A lógica defendida é preventiva e direta: arborizar as cidades significa amenizar as temperaturas extremas; sistemas de drenagem eficientes evitam alagamentos nas chuvas; saneamento universal é a base da saúde primária. “Superar a poeira no período de estiagem e o medo de enchentes na época das chuvas é uma meta de igualdade que o Distrito Federal precisa alcançar”, pontua.

Quadra Residencial do Plano Piloto
Quadra Residencial no Sol Nascente

A preservação dos recursos hídricos ocupa posição central na reflexão de Fátima. Diante da pressão sobre as bacias do Descoberto e de Santa Maria, a professora defende uma atuação ativa e permanente na proteção das nascentes e mananciais que abastecem a capital.

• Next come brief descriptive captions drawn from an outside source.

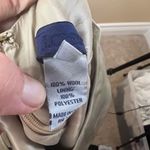 J.Crew Womens Wool Tan Knee Length Dress Short Sleeve Size 4 Career Work Wear Tan Photo 5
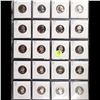 Image 2 : 20x Proof Washington Quarters in a Page, Dates from 1968 to 2009! Washington Quarter 25c Grades Bril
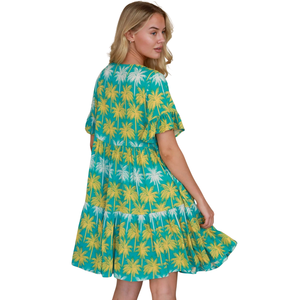 Vestido Mini Estampado para Mujer, Vestido Casual de Verano de Manga Corta - Product Image 2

Essa proteção se articula diretamente com o fortalecimento da agricultura familiar e agroecológica no cinturão verde do DF. Apoiar quem produz alimentos de forma sustentável garante a preservação do solo, protege as fontes de água potável e assegura comida saudável sem agrotóxicos para a população.

Em relação ao combate aos incêndios que afetam a qualidade do ar durante a estiagem, Fátima defende o direcionamento de apoio e recursos para equipar brigadas comunitárias de prevenção, além da estruturação de redes de resgate e reabilitação para a fauna silvestre e animais domésticos vitimados pelo fogo.

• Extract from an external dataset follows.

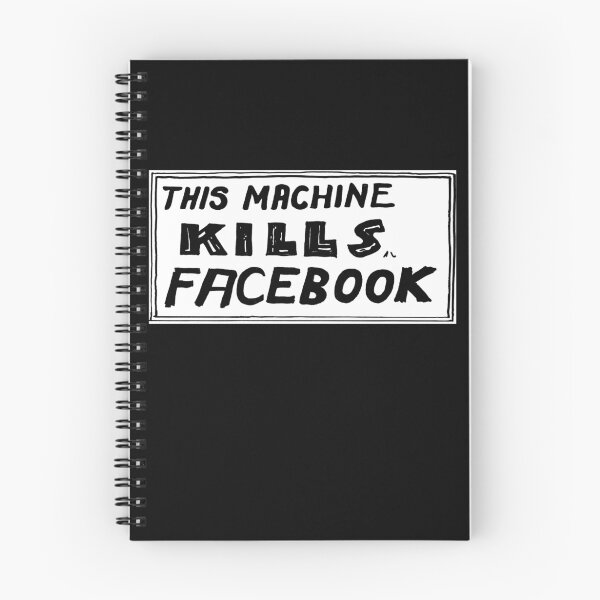 Item preview, This Machine Kills Facebook designed and sold by Spooky Hokum.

Para Fátima, programas de plantio de árvores são parte fundamental da promoção da Saúde Coletiva no Século XXI…
…bem como o fortalecimento das cooperativas de reciclagem em todo território nacional.

A tese de Fátima Sousa reforça que a sustentabilidade no Distrito Federal só se consolida se vier acompanhada de inclusão social. Nesse contexto, a pré-candidata destaca o papel estratégico das cooperativas de reciclagem e defende o reconhecimento dos catadores e catadoras como profissionais essenciais da limpeza e da economia circular. A pauta inclui o apoio a incentivos e à justa remuneração pelos serviços ambientais prestados por esses trabalhadores.

Ao aproximar o debate ambiental da realidade cotidiana do cidadão, Fátima Sousa reitera seu compromisso com uma atuação política pautada na ciência, na saúde e na responsabilidade social. Para ela, cuidar das águas, plantar árvores nas cidades, combater as queimadas e fortalecer a reciclagem são passos fundamentais para construir um Distrito Federal mais justo, saudável e preparado para o futuro.